Dion Ngute, who is also a native chief in the Southwest region, warned journalists to desist from extremist reports that fuel the armed conflict in the two English speaking regions.
“You should educate, and sensitise the population on the so many achievements attained by government in restoring normalcy in the restive regions,” Dion Ngute thundered as gun-wielding soldiers paraded the venue of the meeting.
The PM is on a working visit to preach the achievements of the Major National Dialogue, two years after.
“Schools are more than 50% operational in the Southwest region. I wonder why that is not being trumpeted on your media. Look at how the CDC is progressively gaining its exportation strengths. Look at these positive developments!” the PM ordered reporters.

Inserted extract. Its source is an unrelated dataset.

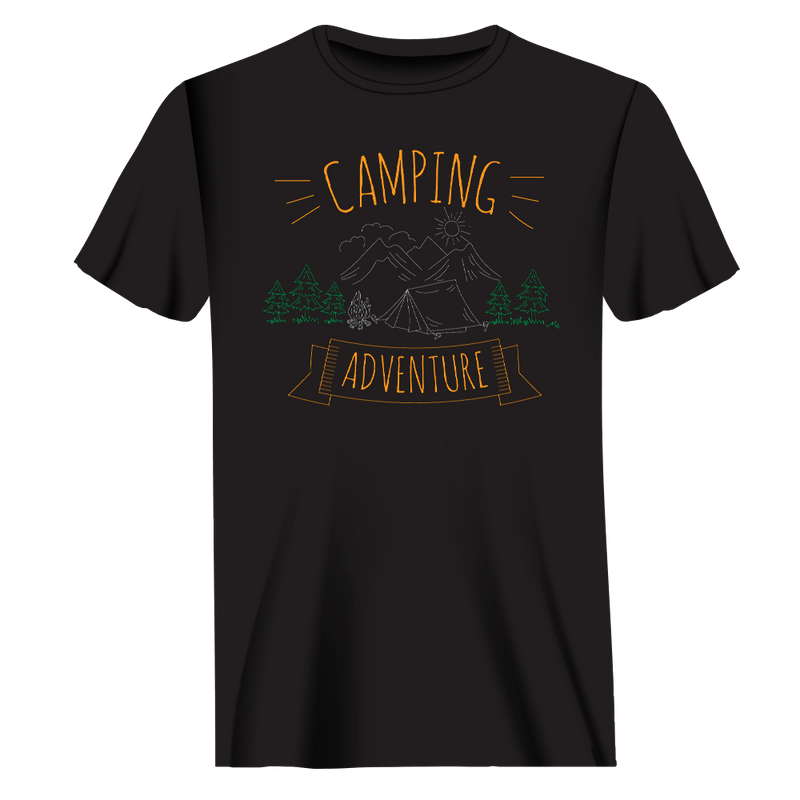 Load image into Gallery viewer, Camping Adventure Man T-Shirt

The PM also used the opportunity to expand on the progress made since the Major National Dialogue. He indicated that the Special Status is increasingly bearing good fruits for the population of the two English speaking regions. He however failed to cite even one benefit that the population of both regions have had from the 2019 Major National Dialogue.

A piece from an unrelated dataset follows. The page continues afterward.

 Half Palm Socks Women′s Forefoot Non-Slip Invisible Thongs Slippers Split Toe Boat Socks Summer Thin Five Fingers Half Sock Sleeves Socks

“It’s only in the North-West and South-West Regions that there’s an independent conciliator. It’s in the assemblies of the two regions that there will be bicameral legislature,” he expounded, but failed to tell the journalists that governors who act like colonial administrators remain the gods of both regions. The regional presidents are only but puppets in the hands of all-powerful governors named by Yaoundé.

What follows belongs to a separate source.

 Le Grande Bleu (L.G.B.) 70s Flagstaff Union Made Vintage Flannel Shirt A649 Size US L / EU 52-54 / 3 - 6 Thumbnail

But when Dion Ngute talks of Major National Dialogue recommendations being implemented, could he have been in dreamland or was he rehearsing a script given to him by his hierarchy? Where are the recommendations being implemented when soldiers and the country’s young people are dying every day?
Are these not the same lies and lack of accountability that brought us to where we are today?
Handpicked journalists were given the floor to air out their challenges and how they can effectively communicate government’s efforts in restoring peace and normalcy in the two regions. They spent all their time praising the government, in an attempt to justify the FCFA 5 million envelop given to them by the PM.
Where is journalist Samuel Wazizi?
That PM Dion Ngute had the guts to address journalists in the South West, telling them to change reporting narrative, without handing them to body of journalist Samuel Wazizi is testament of government’s tyranny.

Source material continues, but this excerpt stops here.